「Still for Japan」とは
未来のアドマンであるVCUブランドセンターの学生が中心となり、日本の復興と未来への発展に向けて、祈りと思いを込め「1分間の黙とう」を呼びかけるメッセージをインターネットやOOHを使って世界に発信する活動です。
■Still for Japan 発足の経緯
米国・ニューヨークで活動するジャーナリスト・楓セビル氏が「ニューヨークの応援団」という運動をマディソン・アベニューの友人たちの力を借りて立ち上げたのをきっかけに、米国を代表する広告賞ワンショーのCEOメアリー・ウォリック氏、ADCのオルガ・グリセイティス氏など、アメリカ広告業界の多くの人々が活動に呼応しました。中でも米国クリエーティブ界で指導的な立場にあり、同時にバージニア州リッチモンドにあるVCUブランドセンター(米国唯一の広告大学院)のディレクターを務めているリック・ボイコ氏のサポートにより、VCUブランドセンターに所属する150人の大学院生に「日本を励ますメッセージを作れるか??」と呼びかけを行いました。その呼びかけに27名の未来のアドマン達が「ジャパンプロジェクト」に応募してくれました。
数人の学生で構成される七つのグループが、期末試験の間を縫ってつくり上げた「日本を激励する」ためのアイデアはどれも素晴らしいもので、中でも「日本のために1分の黙とうを」というサイトと、災害後の荒廃を思わせる枯れ木から美しい花が咲き、それが真っ赤な日の出となって昇るというCMは参加者を感動させました。
(注: 米国では、One Club, ADCなどが行っている『Creatives Unite for Japan』という募金運動プロジェクトも実績をあげています。当プロジェクトは、この二つとは異なるものです。)

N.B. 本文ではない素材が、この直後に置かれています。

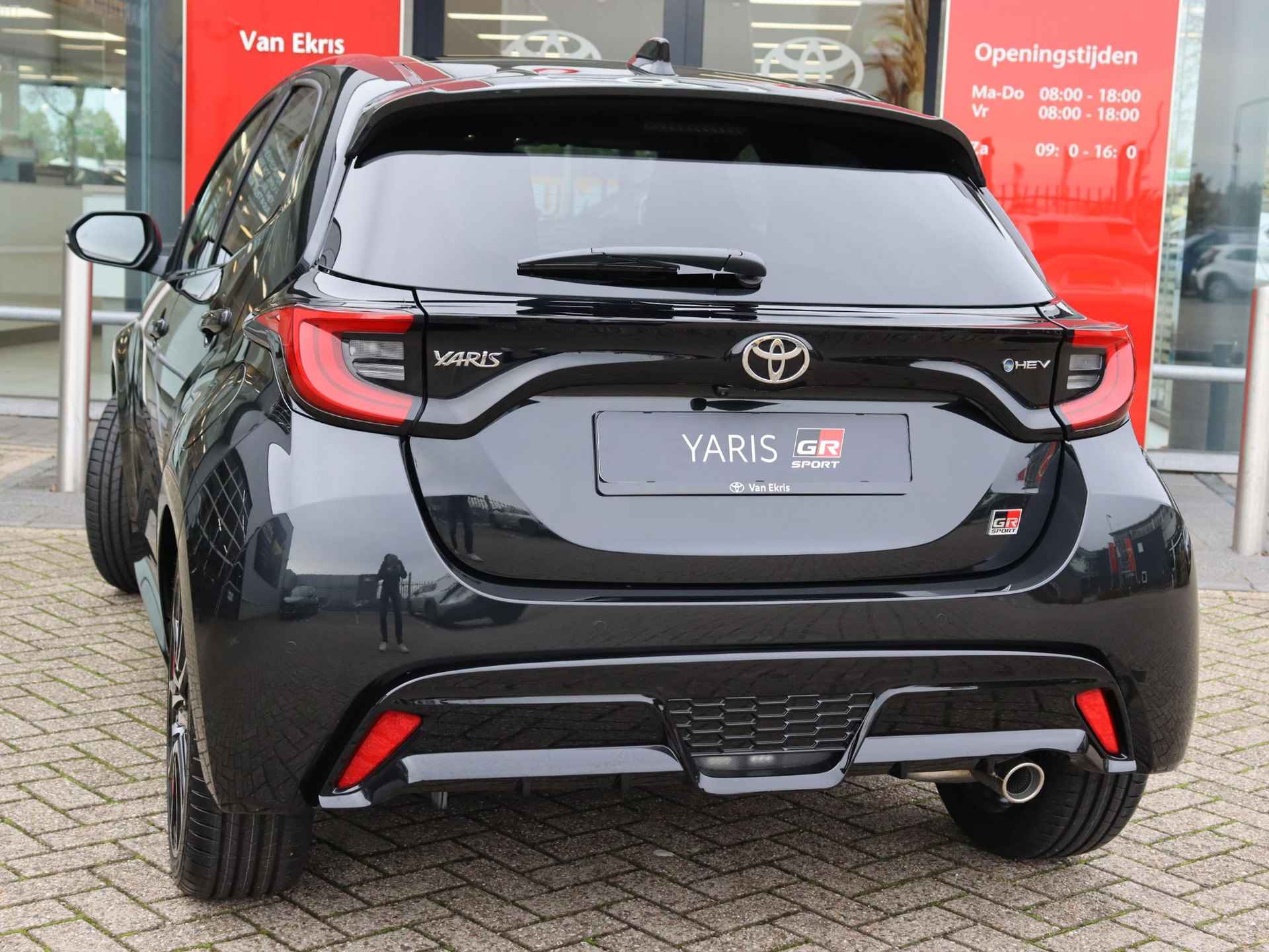 Toyota Yaris 1.5 Hybrid 130 GR Sport, NIEUW, VOORDEEL! Plus Pack, Panoramadak - 13/47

タグラインは「世界があなたの日の出を待っています」。
米国のCMプロデューサーを統括するパワフルな組織AICPのCEOマット・ミラー理事の援助もあり、「Still for Japan(日本のための黙とう)」と名付けられたプロジェクトが立ち上がりました。
■「VCUブランドセンター」とは
バージニア州リッチモンドにあるバージニア・コモンウエルス大学に所属する大学院。アド・エージ誌で「ベスト・アドバタイジング・アンド・マーケティング・スクール」と評価され、2009年には、広告業界に貢献した人物や団体に与えられる広告団体4Aのオトゥール賞を受賞。
卒業後の就職率はほぼ100%とあって、入学率は数十人に1人という難関校である。
現在の学生数は210人。
■Still for Japan 作品の公開
@Still for Japanで作成したCMをタイムズスクエアにて公開予定。
▼タイムズスクエア(クリアチャンネル)
現地時間:2011年7月11日 月曜日
放送回数:毎時(24時間)×30秒 計24回
AWEBサイトにて公開:http://www.stillforjapan.com/
『世界はあなたの日の出を待っています』
webサイトは、日本の被災者たちのために沈黙の1分をささげることを呼び掛けるもので、アイデアを提供した学生ポール・デービス氏は、「被災者たちが最も慰められるのは、自分たちが孤立していないという実感。世界中の人が日本への援助、激励の気持ちを忘れていないことを、1分間の黙とうをささげることで、日本の人たちに伝えたい」と説明する。